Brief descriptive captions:
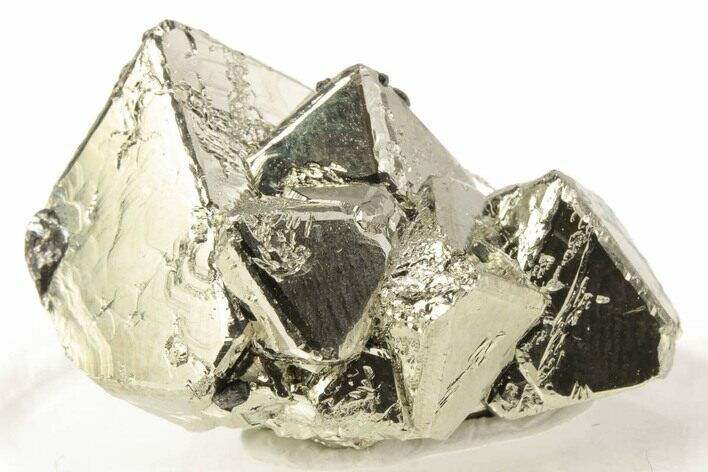 Sphalerite on Gleaming Octahedral Pyrite Crystals - Peru #371201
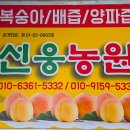 선웅농원 이미지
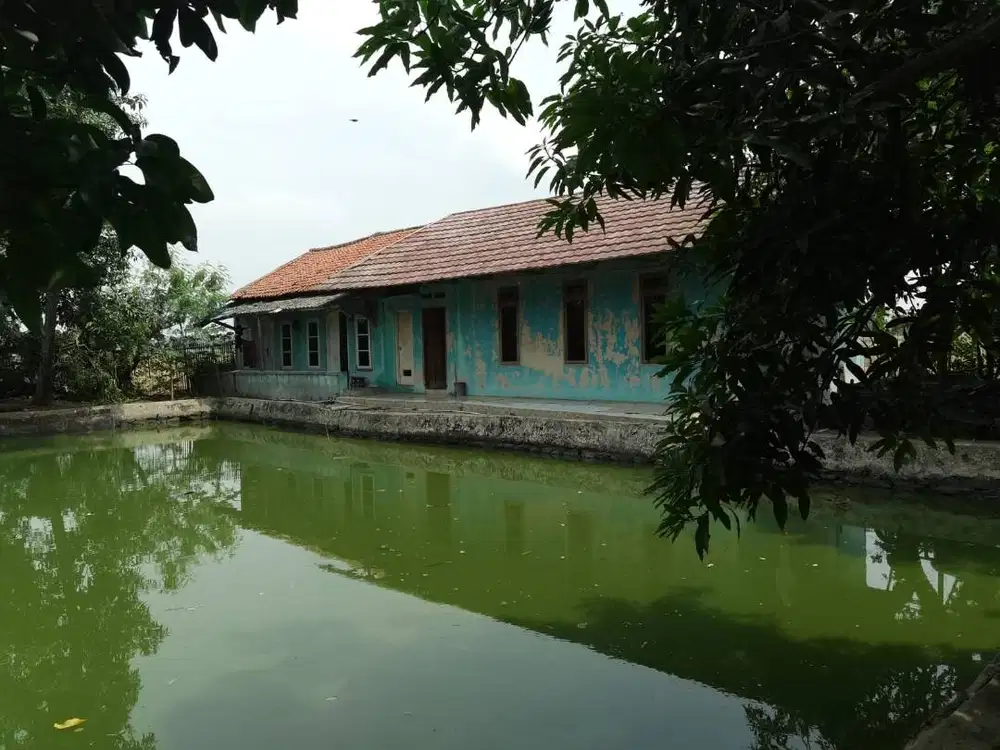 Dijual Rumah dan Empang Tanjungpura Karawang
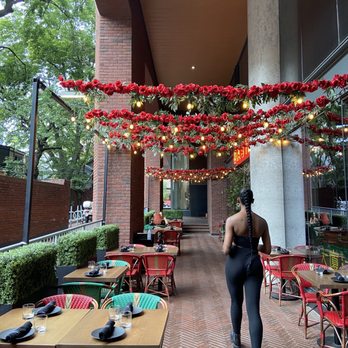 Dasha - Chinese Near Me - Toronto, Ontario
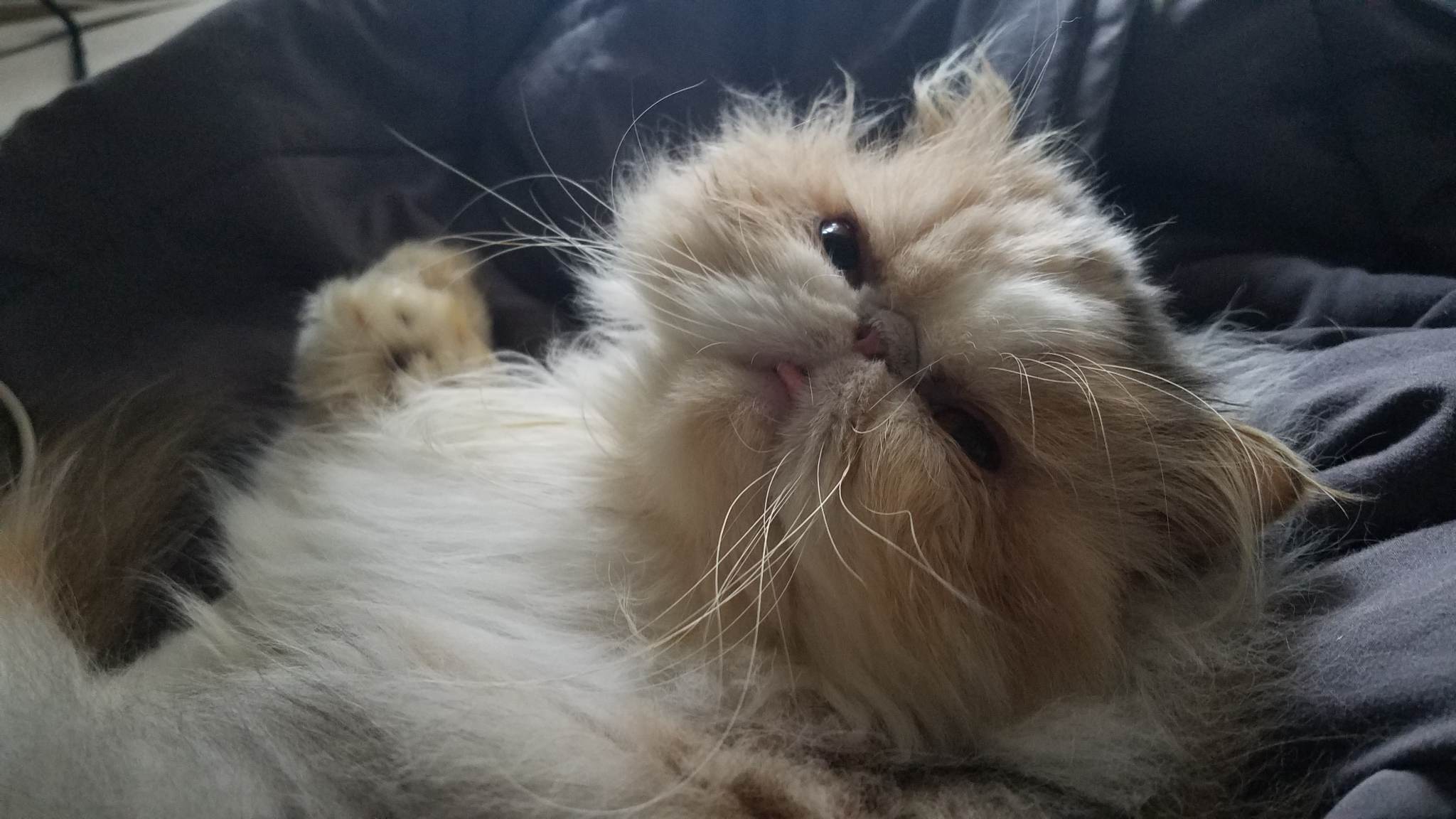 337900175_1318221152073264_2600344291181819088_n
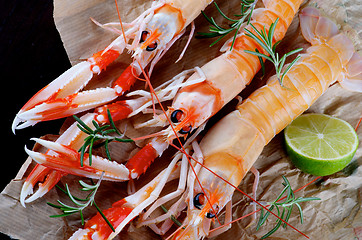 Image showing Delicious Raw Langoustines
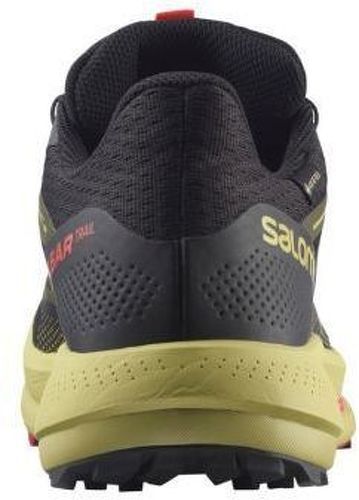 SALOMON-Pulsar Trail Gore Tex-3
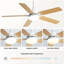 Ventilateur de plafond écoénergétique 42 pouces avec 5 pales et silencieux réversible avec télécommande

▸ Task details
With the images omitted, retype the records above exactly.

▸ Written reply
 Sphalerite on Gleaming Octahedral Pyrite Crystals - Peru #371201
 선웅농원 이미지
 Dijual Rumah dan Empang Tanjungpura Karawang
 Dasha - Chinese Near Me - Toronto, Ontario
 337900175_1318221152073264_2600344291181819088_n
 Image showing Delicious Raw Langoustines
 SALOMON-Pulsar Trail Gore Tex-3
 Ventilateur de plafond écoénergétique 42 pouces avec 5 pales et silencieux réversible avec télécommande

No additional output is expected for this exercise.